Kids today are remixing and stitching together songs, spreading awareness about music that deserves a fresh audience. Case in point: another band I know because of Instagram is Yosemite in Black, a hardcore band from Atlanta, Georgia. They’ve built a following by mixing breakdown-heavy hardcore with a sharp visual style, and TikTok clips of their chaotic live shows have given them an audience far beyond the Atlanta scene. Their song “Cold Shoulder” has been watched 1.5 million times; pretty good for their self-proclaimed style of “Hippie Hardcore.”

Industry Impact

Every band has a social media presence now. Catalog streams are actually climbing fast—older songs (anything older than ~18 months) saw a 19% jump in streaming volume year over year, while fresh “current” releases dropped. Legacy acts are leaning in, too: Metallica has millions of followers on TikTok now (nearly 4.4M), and artists are repackaging back catalogs for short-form clips. The cycle is real: nostalgia feeds discovery, discovery drives catalog streams, zooms back into bigger tours—and suddenly the kids who found you on their “For You” page are in the crowd, staying alive. “Enter Sandman” by Metallica has over 1.6 billion Spotify streams alone — and with YouTube, TikTok, and every cover or clip worldwide counted up, its total play count is almost certainly in the low-billions across all platforms.

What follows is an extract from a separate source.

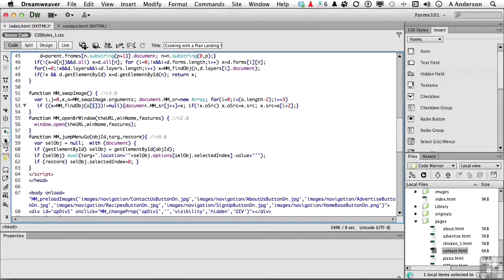Next one down is to highlight invalid code. Now, if you click that, if you have any invalid code, it's going to highlight it for you. You go through the document, it highlights in default in yellow.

Can You Feel My Heart’ blew up on TikTok, and people all over the world wanted us to come and play, so it was perfect,” said Bring Me the Horizon frontman Oli Sykes. The song has since racked up more than 770 million streams on Spotify, proof that TikTok virality doesn’t just translate into memes — it puts real numbers on the board.

Selling out used to be a thing; now, a band wants a brand deal. How does it all make sense? I don’t know. All I do  know is that maybe landing a partnership with a skincare brand for a pack of sweaty punks is the next frontier, but what is important is that kids keep discovering good music. And as we’re stuck in a Taylor Swift and NBA Young Boy misery loop, it’s a welcome development.